Господин де Шамийяр был последним министром, знавшим эту необыкновенную тайну. Второй маршал де Ла Фейяд, его зять, на коленях умолял умирающего тестя сказать ему, кто же все-таки был этот незнакомец, известный всем лишь под именем Железной маски. Шамийяр ответил зятю, что это государственная тайна и он поклялся никогда не разглашать ее.
Таинственный узник, несомненно, был значительной персоной, ибо вот что произошло в первые дни его пребывания на острове. Комендант сам ставил ему кушанья на стол, а затем удалялся, закрыв камеру. И вот однажды, пользуясь ножом, узник нацарапал свое имя на серебряной тарелке и через окно бросил ее в сторону лодки, стоявшей почти у самого подножия башни. Рыбак, которому принадлежала эта лодка, подобрал тарелку и принес его коменданту.
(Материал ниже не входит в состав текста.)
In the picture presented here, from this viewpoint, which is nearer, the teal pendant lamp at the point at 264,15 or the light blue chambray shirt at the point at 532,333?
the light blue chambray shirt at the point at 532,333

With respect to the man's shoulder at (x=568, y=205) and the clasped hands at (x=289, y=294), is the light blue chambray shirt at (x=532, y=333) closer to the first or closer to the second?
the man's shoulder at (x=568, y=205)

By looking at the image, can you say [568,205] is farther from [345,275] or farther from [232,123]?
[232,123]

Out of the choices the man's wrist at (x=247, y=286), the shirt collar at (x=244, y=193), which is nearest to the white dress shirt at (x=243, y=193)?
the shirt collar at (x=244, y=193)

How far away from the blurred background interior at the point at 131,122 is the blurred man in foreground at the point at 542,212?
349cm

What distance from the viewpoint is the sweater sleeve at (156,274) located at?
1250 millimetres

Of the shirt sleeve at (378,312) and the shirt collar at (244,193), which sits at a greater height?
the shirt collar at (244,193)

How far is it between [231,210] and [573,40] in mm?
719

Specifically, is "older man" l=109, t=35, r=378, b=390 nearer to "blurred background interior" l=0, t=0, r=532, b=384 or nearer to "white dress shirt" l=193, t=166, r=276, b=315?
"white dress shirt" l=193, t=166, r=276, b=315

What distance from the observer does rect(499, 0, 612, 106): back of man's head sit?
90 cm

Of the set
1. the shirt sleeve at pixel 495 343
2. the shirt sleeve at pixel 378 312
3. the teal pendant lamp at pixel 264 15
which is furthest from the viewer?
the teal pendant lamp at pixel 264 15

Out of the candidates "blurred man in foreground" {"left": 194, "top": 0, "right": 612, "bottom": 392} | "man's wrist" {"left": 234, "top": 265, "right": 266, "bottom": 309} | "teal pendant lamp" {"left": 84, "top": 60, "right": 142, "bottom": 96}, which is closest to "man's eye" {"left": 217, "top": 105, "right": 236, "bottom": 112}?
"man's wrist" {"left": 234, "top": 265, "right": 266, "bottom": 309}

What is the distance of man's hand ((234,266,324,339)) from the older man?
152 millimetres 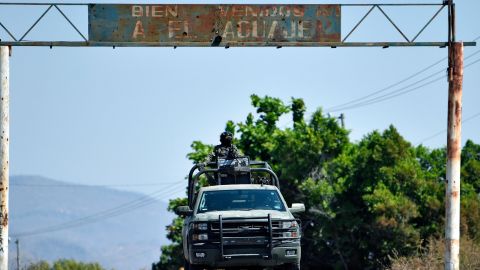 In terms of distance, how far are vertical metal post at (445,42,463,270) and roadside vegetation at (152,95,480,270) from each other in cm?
1391

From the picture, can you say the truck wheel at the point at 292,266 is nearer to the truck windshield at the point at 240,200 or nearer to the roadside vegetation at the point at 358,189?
the truck windshield at the point at 240,200

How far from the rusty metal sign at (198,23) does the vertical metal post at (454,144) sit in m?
3.66

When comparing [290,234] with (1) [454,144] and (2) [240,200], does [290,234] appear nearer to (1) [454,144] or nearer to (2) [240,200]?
(2) [240,200]

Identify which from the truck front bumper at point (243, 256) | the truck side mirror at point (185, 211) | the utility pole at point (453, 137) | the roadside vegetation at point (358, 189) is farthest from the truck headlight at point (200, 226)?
the roadside vegetation at point (358, 189)

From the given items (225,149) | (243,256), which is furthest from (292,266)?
(225,149)

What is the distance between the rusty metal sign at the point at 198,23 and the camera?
31078mm

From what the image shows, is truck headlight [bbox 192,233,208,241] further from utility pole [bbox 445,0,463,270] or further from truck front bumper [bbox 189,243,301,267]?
utility pole [bbox 445,0,463,270]

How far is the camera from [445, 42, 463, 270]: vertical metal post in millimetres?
30844

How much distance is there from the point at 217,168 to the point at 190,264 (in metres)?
3.95

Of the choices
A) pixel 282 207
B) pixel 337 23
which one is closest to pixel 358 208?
pixel 337 23

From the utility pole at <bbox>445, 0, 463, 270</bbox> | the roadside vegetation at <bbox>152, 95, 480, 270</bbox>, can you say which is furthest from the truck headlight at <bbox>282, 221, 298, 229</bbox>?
the roadside vegetation at <bbox>152, 95, 480, 270</bbox>

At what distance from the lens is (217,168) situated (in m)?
30.7

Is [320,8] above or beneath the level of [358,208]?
above

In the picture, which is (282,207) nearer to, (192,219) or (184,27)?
(192,219) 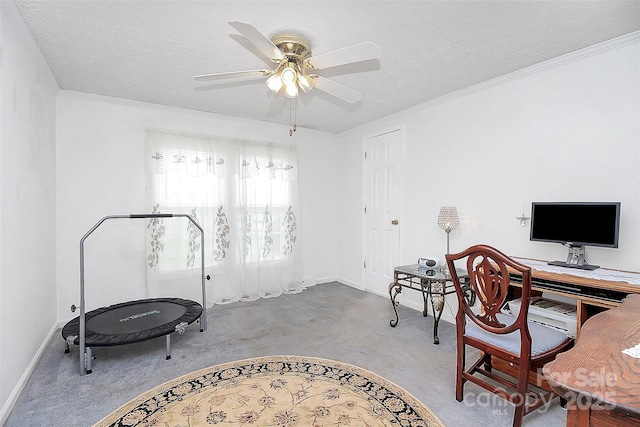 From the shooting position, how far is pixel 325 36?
7.44 feet

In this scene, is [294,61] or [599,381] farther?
[294,61]

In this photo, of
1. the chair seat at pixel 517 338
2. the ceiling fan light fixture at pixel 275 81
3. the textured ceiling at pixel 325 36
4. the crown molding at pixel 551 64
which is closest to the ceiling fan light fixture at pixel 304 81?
the ceiling fan light fixture at pixel 275 81

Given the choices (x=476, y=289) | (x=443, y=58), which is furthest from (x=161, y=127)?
(x=476, y=289)

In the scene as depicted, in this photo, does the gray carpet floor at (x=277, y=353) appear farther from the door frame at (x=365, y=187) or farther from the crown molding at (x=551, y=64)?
the crown molding at (x=551, y=64)

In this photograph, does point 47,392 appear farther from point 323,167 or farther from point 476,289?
point 323,167

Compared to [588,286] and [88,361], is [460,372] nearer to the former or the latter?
[588,286]

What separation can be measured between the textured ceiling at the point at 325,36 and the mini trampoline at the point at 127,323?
4.45ft

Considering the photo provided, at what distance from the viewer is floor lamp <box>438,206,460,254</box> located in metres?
3.34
Тот пришел в удивление и спросил у рыбака:
— Прочел ли ты, что написано на этой тарелке и видел ли ее кто-нибудь в твоих руках?
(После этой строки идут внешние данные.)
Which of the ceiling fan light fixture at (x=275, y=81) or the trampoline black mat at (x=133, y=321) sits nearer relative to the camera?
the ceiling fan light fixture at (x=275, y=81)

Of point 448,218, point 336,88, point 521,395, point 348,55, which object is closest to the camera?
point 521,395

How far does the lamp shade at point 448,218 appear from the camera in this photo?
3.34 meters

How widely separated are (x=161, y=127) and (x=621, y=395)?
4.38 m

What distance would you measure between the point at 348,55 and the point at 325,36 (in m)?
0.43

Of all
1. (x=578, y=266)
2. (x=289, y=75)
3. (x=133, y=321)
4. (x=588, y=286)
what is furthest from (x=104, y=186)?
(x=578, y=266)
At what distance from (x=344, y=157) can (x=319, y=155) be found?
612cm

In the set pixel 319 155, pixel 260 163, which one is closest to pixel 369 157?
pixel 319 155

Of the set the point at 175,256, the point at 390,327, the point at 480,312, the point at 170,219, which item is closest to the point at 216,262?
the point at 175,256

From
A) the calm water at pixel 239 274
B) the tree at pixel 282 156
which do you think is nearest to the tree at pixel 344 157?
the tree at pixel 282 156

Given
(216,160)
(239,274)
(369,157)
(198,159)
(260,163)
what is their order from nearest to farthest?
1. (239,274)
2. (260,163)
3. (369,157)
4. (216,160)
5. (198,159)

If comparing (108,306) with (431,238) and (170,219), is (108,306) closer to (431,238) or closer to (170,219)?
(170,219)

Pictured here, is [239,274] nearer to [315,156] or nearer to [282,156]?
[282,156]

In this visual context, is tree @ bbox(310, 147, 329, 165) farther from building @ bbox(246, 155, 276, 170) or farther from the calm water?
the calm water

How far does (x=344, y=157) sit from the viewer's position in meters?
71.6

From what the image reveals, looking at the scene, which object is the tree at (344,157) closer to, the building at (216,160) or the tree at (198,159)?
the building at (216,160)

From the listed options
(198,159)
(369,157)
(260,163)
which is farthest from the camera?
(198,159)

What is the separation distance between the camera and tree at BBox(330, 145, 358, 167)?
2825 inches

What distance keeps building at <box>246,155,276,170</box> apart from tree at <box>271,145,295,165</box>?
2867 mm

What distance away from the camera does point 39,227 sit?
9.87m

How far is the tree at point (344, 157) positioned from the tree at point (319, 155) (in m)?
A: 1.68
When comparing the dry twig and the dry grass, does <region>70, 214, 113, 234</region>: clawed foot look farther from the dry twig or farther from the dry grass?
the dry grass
— Я не умею читать, — ответил рыбак, — а тарелку нашел только что, и никто ее не видел.
Крестьянина держали под стражей до тех пор, пока комендант не убедился, что бедняга в самом деле не умел читать и тарелку никто не видел.
— Ступай, — сказал он ему, — твое счастье, что ты не умеешь читать.
Один из очевидцев этого происшествия, вполне достойный доверия, еще жив».
А вот что он пишет о Железной маске в своем «Философском словаре»:
«Автор "Века Людовика XIV" первым заговорил о Железной маске как о реальном историческом персонаже: дело в том, что он был весьма осведомлен об этом историческом анекдоте, который удивляет век нынешний, будет удивлять потомство и является абсолютно правдивым. Однако его ввели в заблуждение по поводу даты смерти этого незнакомца, столь невероятно несчастного: узник был похоронен на кладбище прихода Сен-Поль 3 марта 1703 года, а не 1704-го.
Вначале он пребывал в заключении в Пиньероле, затем — на островах Сент-Маргерит, а после них — в Бастилии, постоянно находясь под охраной одного и того же человека, Сен-Мара, которому было суждено увидеть его смерть. Отец Гриффе, иезуит, познакомивший читающую публику с "Дневником Бастилии", выверил все даты. У него был легкий доступ к этому дневнику, поскольку он занимал весьма щекотливую должность исповедника узников Бастилии.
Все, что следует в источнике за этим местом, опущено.